At the CFO level and the CFO-1 level (Finance Director) there was a 4% increase in new mandates from the same period in 2023 but this is still nearly 40% behind the rates we saw in the same period of 2022.
What we have seen though is a more steady increase in senior management hires as CFOs look to ensure that if they can’t grow their teams at any pace, they need to ensure that the senior leadership is steadfast and performing.
We have noticed a particular need in the senior commercial finance space for Directors of Finance Business Partnering and Heads of FP&A, the demand for these roles has gone up 22%.
We have also noticed that fund finance roles at the more senior level have
remained robust. We saw an 8% increase in mandates for Fund Controllers.
The trend we have seen in increased need at the senior management level is often a good precursor to what we will see at the CFO level, so it’s fair to say we will likely see an increased demand at the CFO and FD level in H2 of this year and more likely and more noticeable increase throughout 2025.
This should combine well with a return to privateequity deal activity and the two things aren’t mutually exclusive.
The trends coming out of conversations with CFOs at PE and VC funds is that there are liquid funds ready to be deployed but companies are waiting for what they feel is the right time. Continuing uncertainty around interest rates has delayed a return to deal activity but investors are becoming increasingly impatient to know what is being done with the funds they have committed
to these funds. The whole employment market will benefit from this return to PE/VC activity as when acquisitions are made, there will inevitably be reshuffles
within finance in the portfolio companies. This will stimulate the wider market as companies will need and want to replace the talent that has been attracted to
these PortCos. All of the preconditions seem to be in place for a return to deal activity, all that’s needed now is the spark. This tends to come in the form of deals being announced by some of the big PE houses which is a catalyst for other PE firms feeling they may get good value for balance sheets at the moment, so the time is right to strike.

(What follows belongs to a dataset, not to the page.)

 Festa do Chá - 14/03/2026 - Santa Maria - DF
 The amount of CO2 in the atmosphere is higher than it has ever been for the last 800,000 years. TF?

In terms of specific industries within the funds space there are a few interesting trends we have seen. One of the more concerning statistics is from the VC space, where hiring in finance across all levels and disciplines has been down by nearly 40% even from 2023. We have also seen reduced hiring in infrastructure which is down 8% from 2023.

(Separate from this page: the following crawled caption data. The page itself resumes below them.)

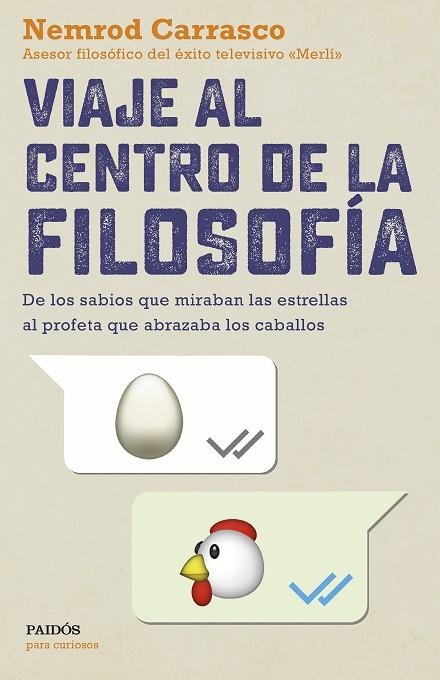 VIAJE AL CENTRO DE LA FILOSOFíA | 9788449334139 | CARRASCO NICOLA,NEMROD | Libreria Geli - Librería Online de Girona - Comprar libros en catalán y castellano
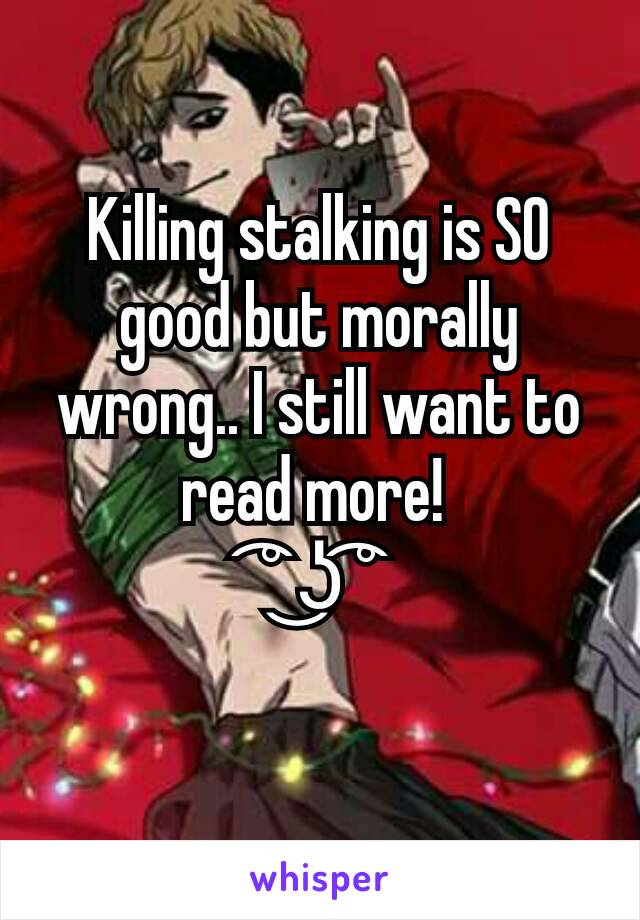 Killing stalking is SO good but morally wrong.. I still want to read more! 
͡° ͜ʖ ͡°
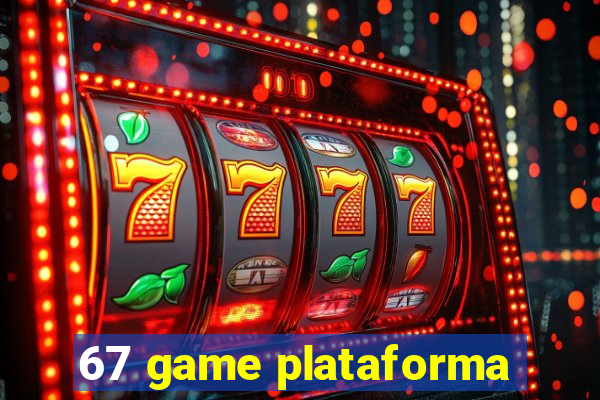 67 game plataforma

Private equity hiring remains mostly stagnant. Large and small PE firms have reduced hiring in finance, while midsize firms have slightly increased hiring to balance this. Credit funds have increased hiring significantly, which is surprising.
We have seen a 20% increase in hiring for fund finance at the Fund Controller and Manager level across credit, debt,
direct lending focused funds.
If we are correct to predict that we will see an increase in hiring at the CFO level what will be interesting to see is exactly what sort of CFOs are in demand.
Companies recognise the importance of hiring a strong CFO, though the role varies by firm. CFOs with capital markets experience and skills in raising debt and equity are in high demand. Likewise, there is a need for CFOs who excel in building and maintaining control functions. Additionally, CFOs who can manage controls while acting as strategic partners to CEOs, COOs, and founders are especially sought after by smaller and boutique firms.